Open Science Publication¶
Duration: 60 minutes Difficulty: Intermediate Pattern: Sequential Chain
This scenario demonstrates a FAIR data curation workflow leading to open access publication, using open science personas to ensure research data management best practices.
Scenario Overview¶
Problem: A research team has produced a dataset and analysis results that need to be curated for FAIR compliance, documented with proper citations, and published through an open access repository.
Goal: Execute a four-persona open science workflow that produces FAIR-compliant data packages, proper citations, and an open access publication plan.
Persona Team¶
| Persona | ID | Role | Category |
|---|---|---|---|
| FAIR Data Steward | FDS | Ensures FAIR (Findable, Accessible, Interoperable, Reusable) compliance | open_science |
| Research Software Narrator | RSN | Documents research software and computational methods | open_science |
| Citation Standards Liaison | CSL | Manages citation standards and data references | open_science |
| Open Access Advocate | OAA | Promotes open access and advises on licensing | open_science |
Setup¶
from fcc.personas.registry import PersonaRegistry
from fcc.simulation.engine import SimulationEngine
from fcc.simulation.messages import SimulationMessage
from fcc.messaging.bus import EventBus
from fcc.messaging.events import Event, EventType
registry = PersonaRegistry.from_yaml_directory("src/fcc/data/personas")
bus = EventBus()
engine = SimulationEngine(registry=registry, mode="deterministic")
research_project = {
"title": "Semantic Analysis of Agent Collaboration Patterns",
"dataset": "agent_interaction_traces_2025.csv",
"software": "fcc-analysis-toolkit v1.2.0",
"authors": ["A. Researcher", "B. Scientist"],
"institution": "Information Collective, LLC",
}
Phase 1: FAIR Compliance Assessment¶
The FAIR Data Steward audits the research outputs for FAIR compliance:
fds_message = SimulationMessage(
sender="orchestrator",
receiver="FDS",
content=(
f"Assess FAIR compliance for the research project:\n"
f"Title: {research_project['title']}\n"
f"Dataset: {research_project['dataset']}\n"

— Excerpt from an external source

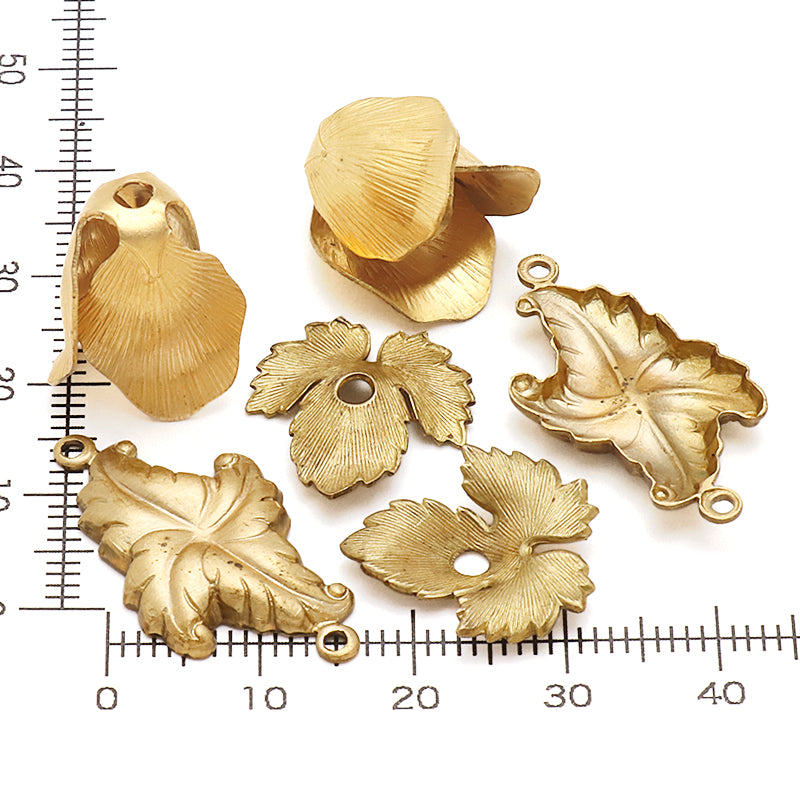 アメリカ チャーム リーフ9 生地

f"Software: {research_project['software']}\n\n"
"Evaluate each FAIR principle:\n"
"- Findable: persistent identifiers, rich metadata, indexed\n"
"- Accessible: retrievable by ID, open protocol, metadata persist\n"

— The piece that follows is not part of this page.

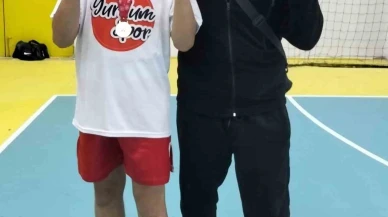29 Ekim Kick Boks Cumhuriyet Kupası'nda şampiyon Efe Carl Demirli oldu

"- Interoperable: formal language, FAIR vocabularies, references\n"
"- Reusable: rich description, clear license, provenance, standards\n\n"
"Produce a FAIR assessment report with scores (0-1) per principle "
"and specific remediation steps for any gaps."
),
phase="find",
)
fair_report = engine.step(fds_message)
print(f"FAIR Report: {len(fair_report.content)} chars")
Phase 2: Research Software Documentation¶
The Research Software Narrator documents computational methods:
rsn_message = SimulationMessage(
sender="FDS",
receiver="RSN",
content=(
f"Document the research software and computational methods:\n\n"
f"Software: {research_project['software']}\n"
f"FAIR context:\n{fair_report.content[:400]}\n\n"
"Produce:\n"
"- Software metadata (CodeMeta/CITATION.cff format)\n"
"- Computational environment specification (dependencies, versions)\n"
"- Reproducibility guide (steps to recreate results)\n"
"- Data processing pipeline documentation\n"
"- Input/output format specifications\n"
"Follow FORCE11 Software Citation Principles."
),
phase="create",
)
software_docs = engine.step(rsn_message)
print(f"Software Documentation: {len(software_docs.content)} chars")
Phase 3: Citation Management¶
The Citation Standards Liaison establishes proper citations:
csl_message = SimulationMessage(
sender="RSN",
receiver="CSL",
content=(
f"Establish citation standards for the publication:\n\n"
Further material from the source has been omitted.